Local music promoters fine tune their approach to putting on a show. Will it work?


It's 3 p.m. on a Wednesday and the Triple on Broad Street is slow. Empty pool tables sit in rows like grounded planes while two guys in khakis chat over beers at the bar. In my booth sits a local power couple — if your scene happens to be small rock shows, that is. Danny Ingram and his girlfriend, Tiffany Cale, co-own Community Chest, the busy company that's been booking regular shows at the Triple while fighting an uphill battle against everything from lackluster attendance to raids by the Community Assisted Public Safety program, known as Caps, whose recent targeting of small music venues for zoning violations they feel has been, at the least, untactful.

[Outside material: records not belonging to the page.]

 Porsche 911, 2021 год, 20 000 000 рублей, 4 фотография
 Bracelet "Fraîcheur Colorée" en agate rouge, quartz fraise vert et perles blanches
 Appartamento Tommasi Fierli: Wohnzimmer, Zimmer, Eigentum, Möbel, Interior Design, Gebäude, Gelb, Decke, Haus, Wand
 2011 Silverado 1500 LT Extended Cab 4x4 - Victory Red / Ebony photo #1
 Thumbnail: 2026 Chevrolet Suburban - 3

The couple has scored some small coups, bringing comedian Doug Stanhope to the Plaza Bowl, members of Arcade Fire to the Triple, and providing perhaps the year's most entertaining triple bill: Dengue Fever, Chicha Libre and locals Bio Ritmo. But the two have a thankless job that's difficult to predict.

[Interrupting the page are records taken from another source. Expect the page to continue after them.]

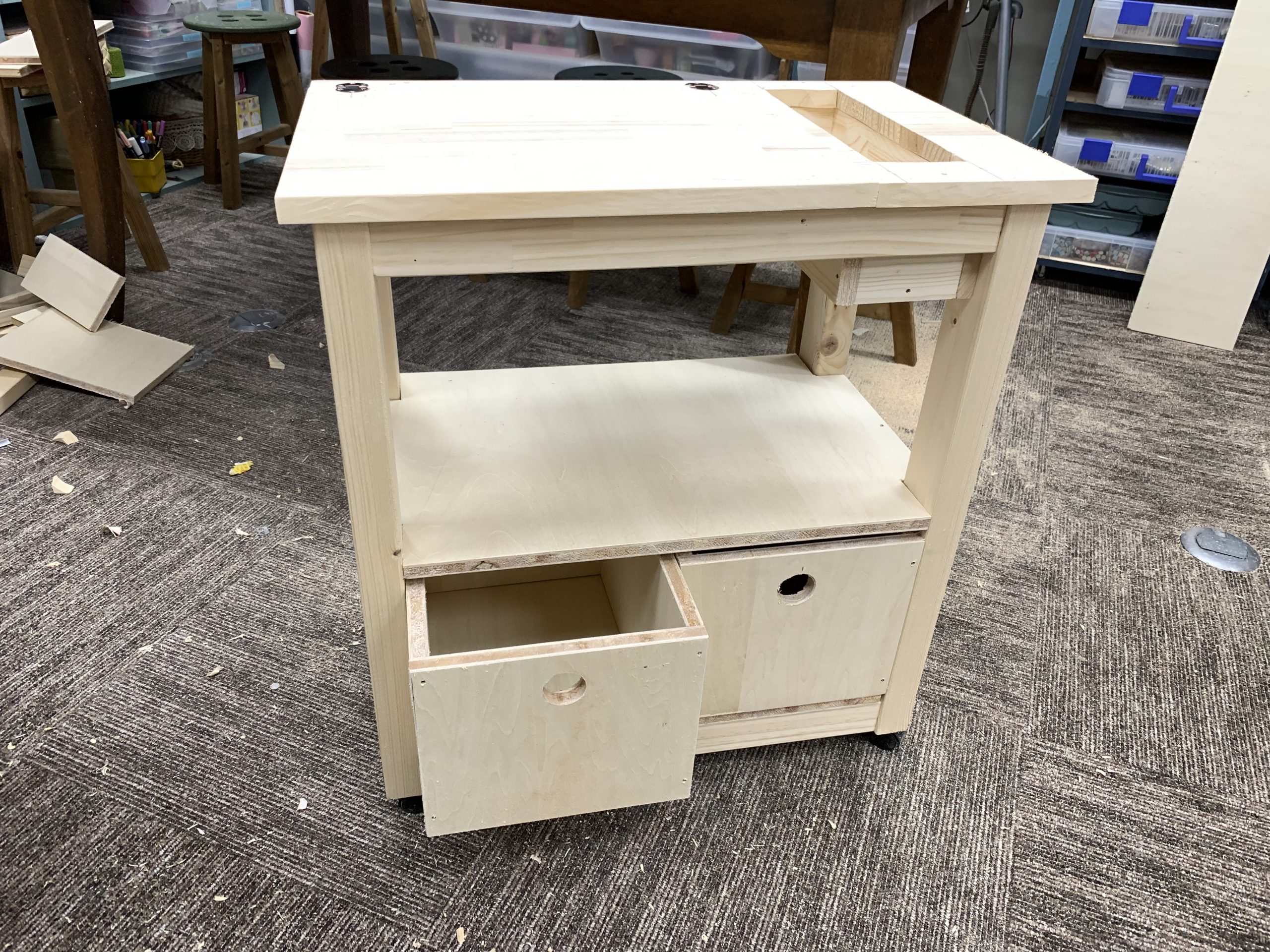 収納ワゴン、山田芳照　：収納ワゴンデザイン、DIY技術監修、DIY講師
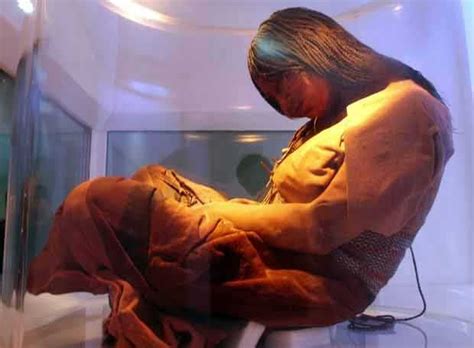 mummified  maiden exhibit attracts hundreds mercopress
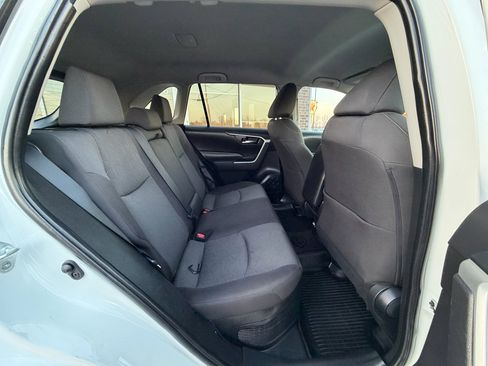 Used 2022 Toyota RAV4 XLE image 21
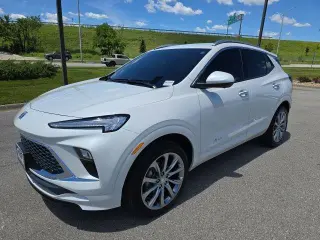 Buick Encore GX 2025 AWD Avenir 4dr Crossover
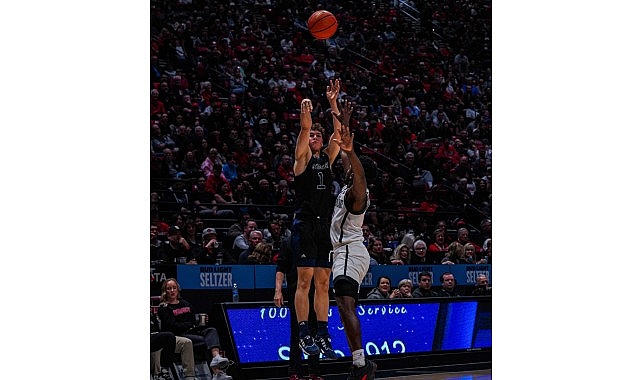 UC Irvine Takımının Oyuncusu Derin Saran, NCAA’de Yıldızlaşıyor!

“Between the old-school fickle people who come out if they feel like it and [Virginia Commonwealth University] becoming less of an arts school and more business, it's tough,” says Ingram, 27, an inked-up Petersburg native who got his first taste of the music business by working at Nanci Raygun. Ingram says there are several reasons bands skip Richmond between Washington and North Carolina or jack up their prices here — aside from the glaring 7 percent admissions tax.

“Ten years ago, when the agents we're dealing with now were getting into the business, they were getting ripped off here,” Ingram says. “Bad bookers, bad club owners, no face to anything.”

That's why Ingram is adamant about being hands-on with the shows he books.

“Ninety percent of the time I'm at the show and probably even doing the sound,” he says. With more diverse competition for consumers' attention, such as the Internet and home entertainment, weeknight turnouts are especially hit-or-miss. Cale, 23, doesn't think the problem lies in lack of promotion.

“I hate to say it, but I feel like every single magazine or paper in Richmond is almost irrelevant. We're in the Facebook generation now,” Cale says. “We don't have a budget to market — it's all word of mouth.”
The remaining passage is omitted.